Toronto Rehabilitation Institute

Status

Completed

Conditions

Compliance Behavior
Patient Compliance
Myocardial Infarction

Treatments

Behavioral: Preference Based Rhythmic Auditory Stimulation Music
Other: Preference Based Music Intervention

Study type

Interventional

Funder types

Other
Industry

Identifiers

Details and patient eligibility

About

Auditory motor-coupling has been shown to induce neural-entrainment that can synchronize walking-pace with sonic tempo. The extent to which acoustical-motor entrainment can induce longer-term changes to physical activity behaviours remains unclear.

Cardiac rehabilitation is essential and is associated with irrefutable mortality benefits for patients following an acute cardiac event.
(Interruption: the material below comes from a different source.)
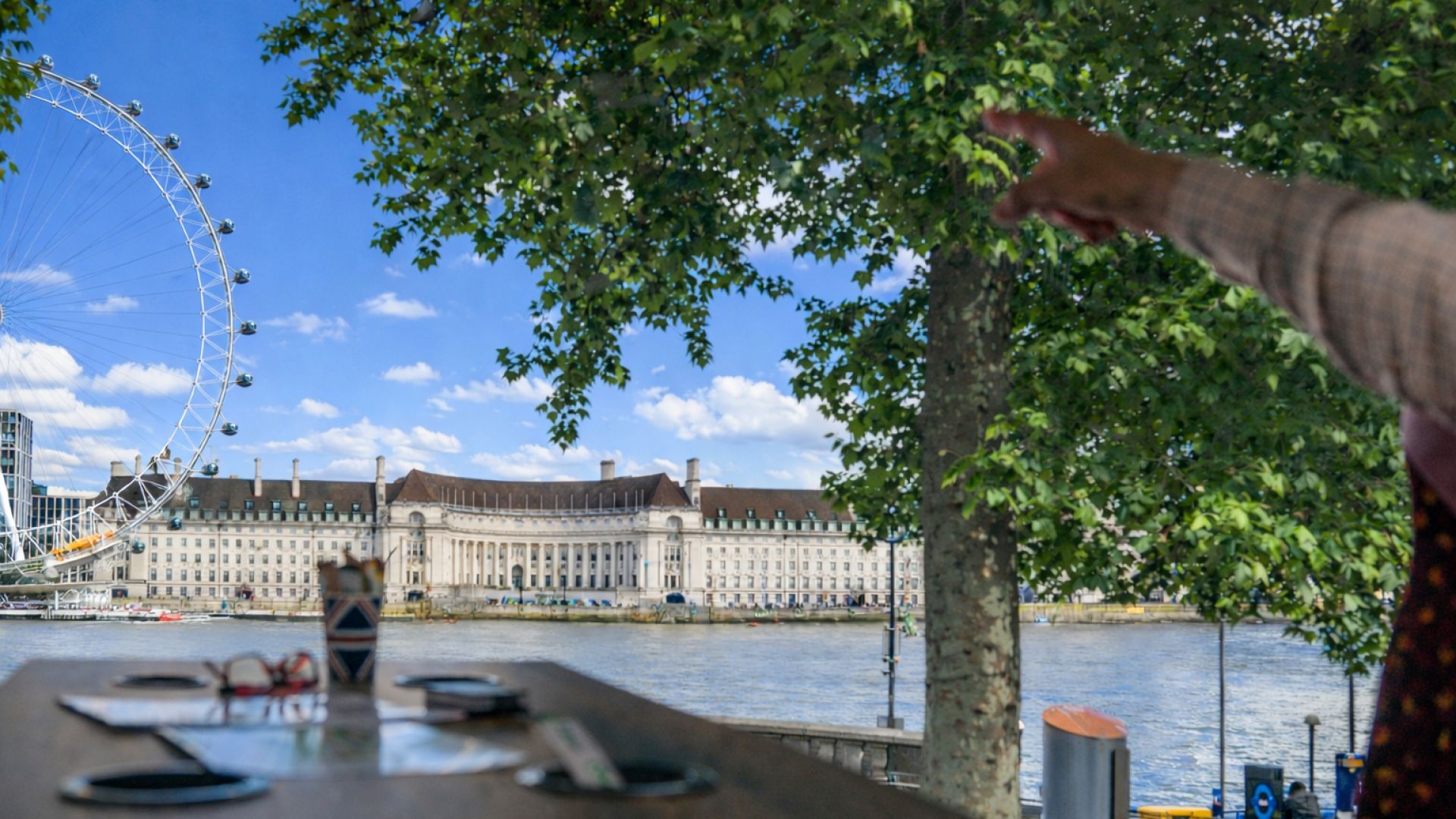 Brunch & Bubbles London Sightseeing Tour with Prosecco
Randomized clinical trials have demonstrated a 25-50% improvement in survival as compared to controls; however, as many as 50% of patients will dropout of such programs prior to completion, which undermines these morbidity and mortality benefits (37; 54). Research exploring ways to improve compliance to such programs has suggested that the incorporation of music and other such holistic, patient-centered interventions into a rehabilitation/exercise program is associated with improved motivation, endurance and satisfaction amongst cardiac rehabilitation participants. The MAINTAIN study has been designed to conduct a feasibility evaluation on the effects of a preference-based music intervention on adherence to the cardiac rehabilitation program at Toronto Rehabilitation Institute. The primary objective of the trial is to evaluate the feasibility of the implementation of such a protocol within the context of the program.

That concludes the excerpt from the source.